A group trying to build up San Diego’s workforce is singling out young workers in cold-weather cities, beckoning millennials who are in the middle of tough winters.
The target group: workers 27 to 37 years old who are trained in science, technology or other hot sectors and live in New York, Boston or Chicago.
The campaign, called Just Say No to Winter, is the brainchild of the San Diego Economic Development Corp., which has put effort into branding the city as a promised land for tech and science talent.
Why are they targeting millennials? The EDC’s research has shown that San Diego has a lot of jobs open for individuals with mid-level experience who often fall in this age range.

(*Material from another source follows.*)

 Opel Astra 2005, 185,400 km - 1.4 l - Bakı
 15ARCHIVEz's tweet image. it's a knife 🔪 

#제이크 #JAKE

“When we surveyed companies — from an economic standpoint — the largest job opportunities were in that age group,” said Bernadine Locsin, the marketing manager for the EDC. “We have plenty of entry-level talent and senior talent, but a lot of those midrange-career jobs need to be filled.”
The EDC is running targeted ad campaigns through social media, focusing on millennials on Facebook, Instagram, LinkedIn and YouTube. The ad is a nearly two-minute video that juxtaposes images of San Diego’s beautiful sunsets and beaches with clips of harsh winter weather and traffic jams in other cities. Mixed in are clips of San Diego’s biggest employers, including Qualcomm, Illumina, Intuit and Viasat.

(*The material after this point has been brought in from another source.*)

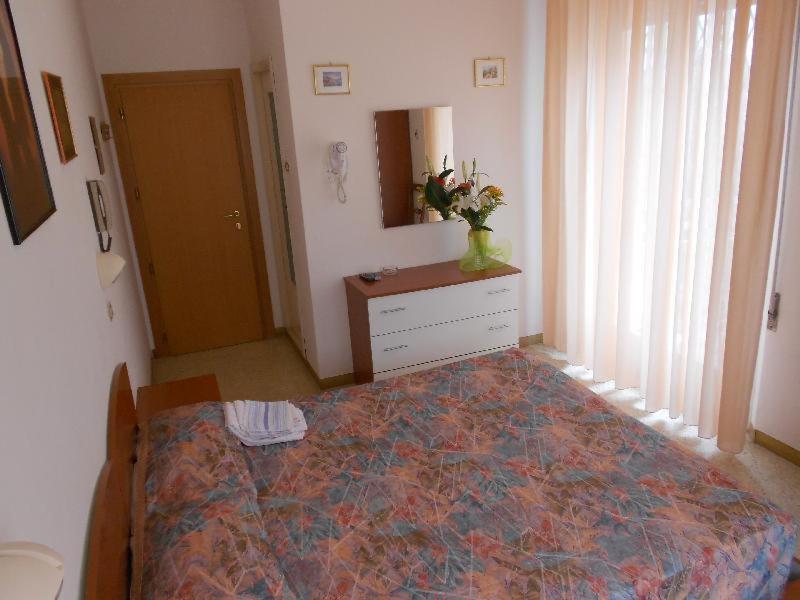 Hotel Vevey Римини Номер фото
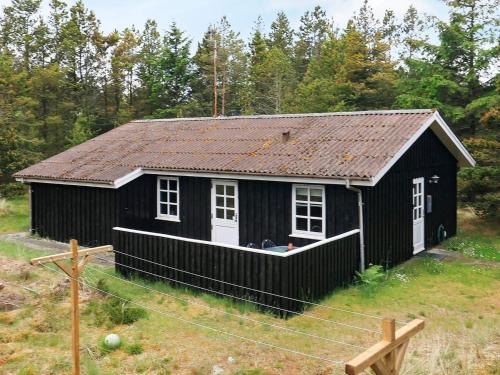 Three-Bedroom Holiday home in Jerup 13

The organization also posted ads on the walls of Boston subways reading, “Just Say No to Winter.” Locsin said the EDC focused on subway lines that went through neighborhoods with large concentrations of life-science companies.
The campaign is reminiscent of a San Diego effort to poach talented engineers from Silicon Valley. That campaign, rolled out by Mike Krenn of the San Diego Venture Group in 2016, included a digital billboard on one of Silicon Valley’s busiest and most traffic-prone freeways. The sign baited technology workers with such one-liners as “Today’s surf report: San Diego is better.” There’s no way to measure exactly how effective that campaign was. A group of young venture capitalists, however, recently cited Krenn’s efforts as influential in their decision to locate a new $50-million tech fund in San Diego.

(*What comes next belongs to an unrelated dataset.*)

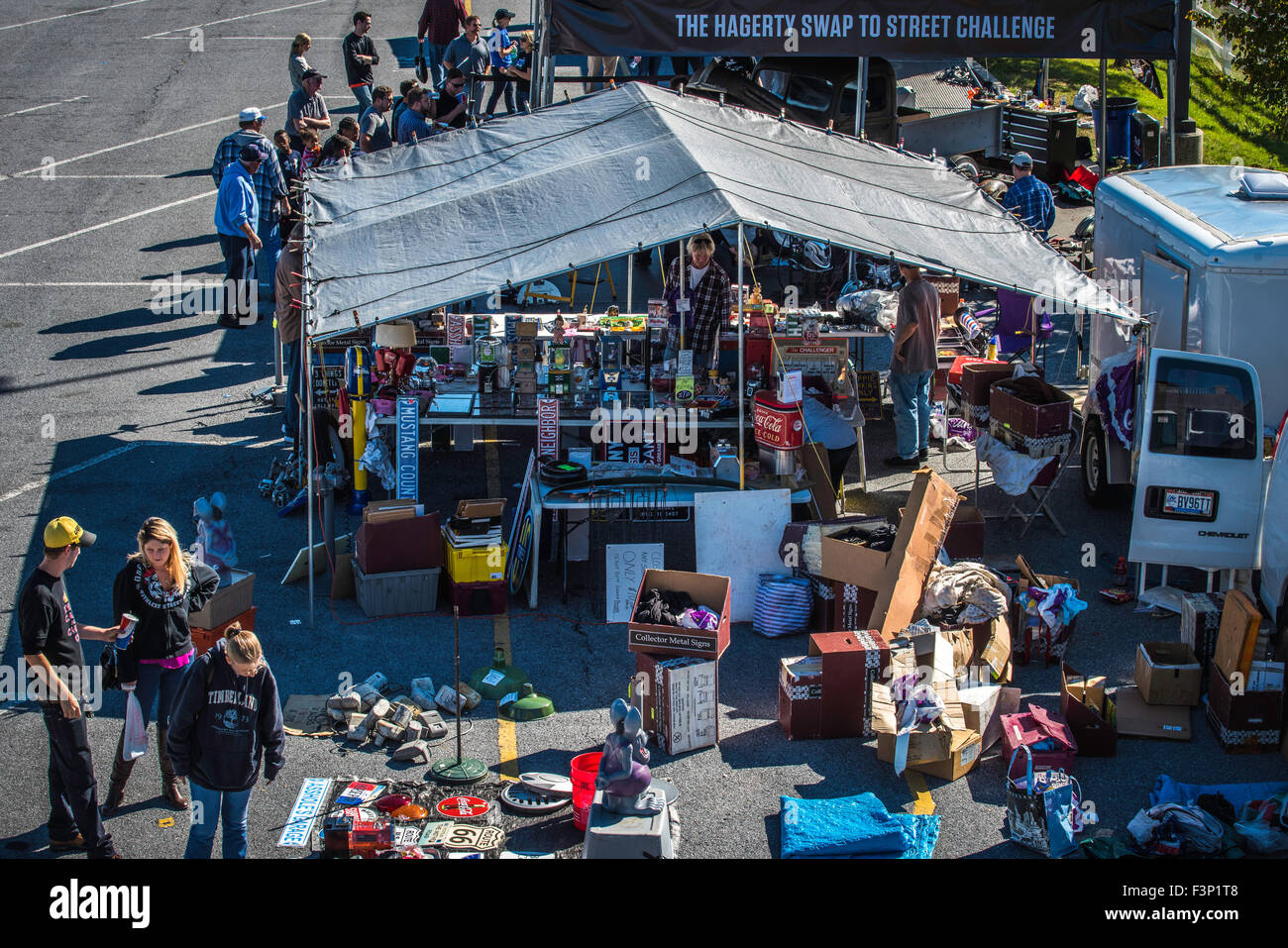 Hershey, USA. 10th Oct, 2015. Over 9,000 flea market spaces, and over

The EDC’s Just Say No to Winter campaign is under the umbrella of a larger effort called San Diego Life Changing, whose mission is to attract people and companies to the region in this target age demographic. It has some online tools to help bring in new transplants, including an interactive map of employers and an overview of neighborhoods. Locsin said the EDC was tracking census data to see how effective the campaign was and hadn’t seen much movement yet. But it’s early, and she hopes to see the results in a year or two.
“It’s hard to connect one campaign to someone’s decision to move,” Locsin said. “But this could plant the seed or start the conversation.”